Enrolment in north-zone schools has declined steadily since 2007 and now stands at 715 students. Officials expect enrolment to continue to decline until it reaches a new plateau in the low 600s by 2016.
Katie Robertson lives in Crofton, but her children attend Chemainus Elementary School. Nevertheless, Robertson questioned the logic of closing the Crofton school and expressed concern for the long-term impact the closure would have on the community.
“That’s a brand-new school and it’s full,” Robertson said, “and it’s one of the only things thriving in the town as it is. The school and the mill are what make the town.
“With a 60-per-cent retirement rate coming up at the Catalyst mill, that’s going to bring in new families. If there’s no elementary school there, people will be less likely to live in Crofton, and they’ll simply commute to the mill instead.”
Robertson was also worried about the potential consequences of integrating younger kids into a school co-attended by high school students —a model currently used at Lake Cowichan Secondary School.
“My biggest concern is how you would separate the children,” Robertson said, referring to the proposal to house a middle school and high school within the current CSS building.
“I would be concerned with how well it’s implemented. They aren’t willing to tell us anything about what would be implemented until after they’ve already made the decision. I don’t feel that we’re given enough information to tell them our opinion when they don’t know what’s going to happen.”
McKay acknowledged that cuts and closures would impact affected communities disproportionately — “it will not be a matter of an equal distribution of pain,” McKay said — but he pledged to adopt a strategy that “is something we can sustain and that will support kids.
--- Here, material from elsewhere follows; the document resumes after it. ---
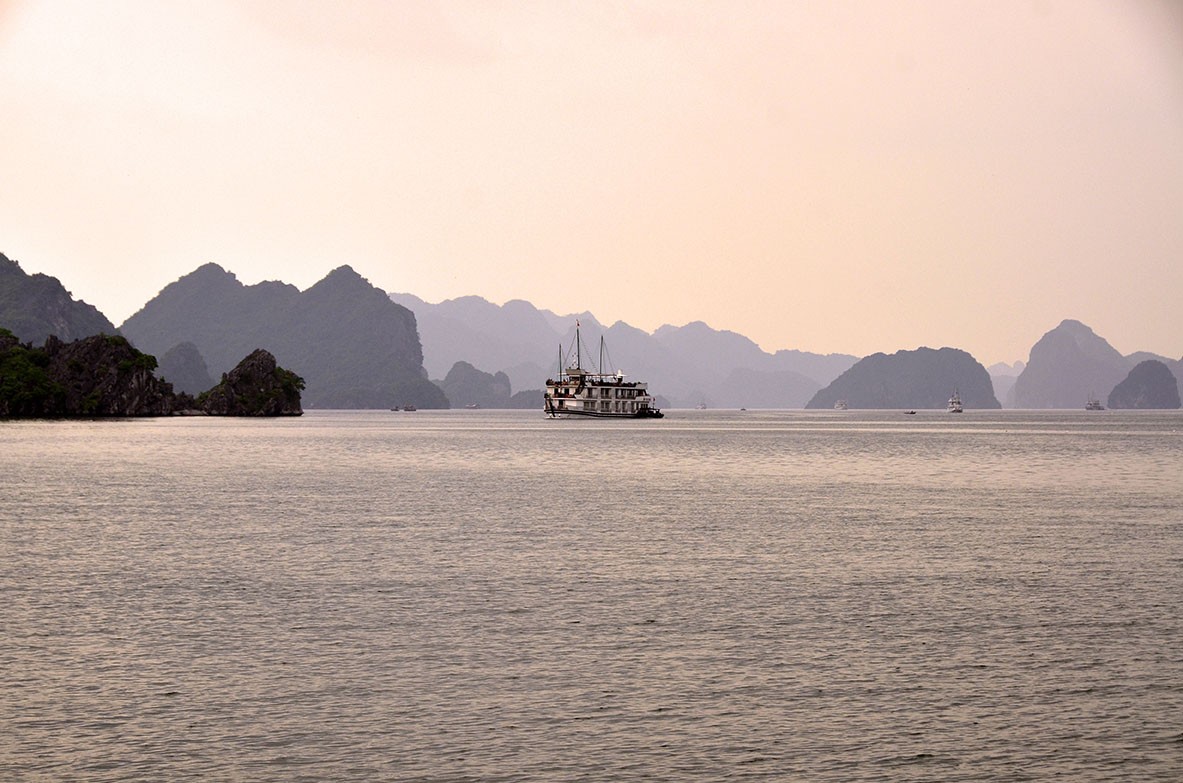 Halong Bay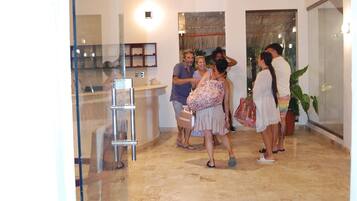 Reception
Restructure tour continues
Seeking solutions to its $3.7 million budget dilemma, School District 79 is on a 90-day public consultation process to determine how best to cut costs without compromising services to students. The district is considering closing or combining schools in each of its four zones as one possible solution to its budget woes.
March 2 meetings in Chemainus and Lake Cowichan will be followed March 9 with a 9 a.m. meeting at Quamichan Middle School and a 1 p.m. meeting at George Bonner Middle School.
Then SD79 will host a public forum for the entire district Tuesday, April 30 at 6:30 p.m. at Cowichan Secondary School to allow members of the public to offer comment directly to McKay.
Written feedback will be accepted by SD79 until May 7. Comments on SD79’s restructuring plans can be submitted to district administration via their website at www.restructure2013.sd79.bc.ca or by e-mail at email@example.com.
An official decision on school closures and grade reconfigurations will be made at a board of education meeting Wednesday, May 15.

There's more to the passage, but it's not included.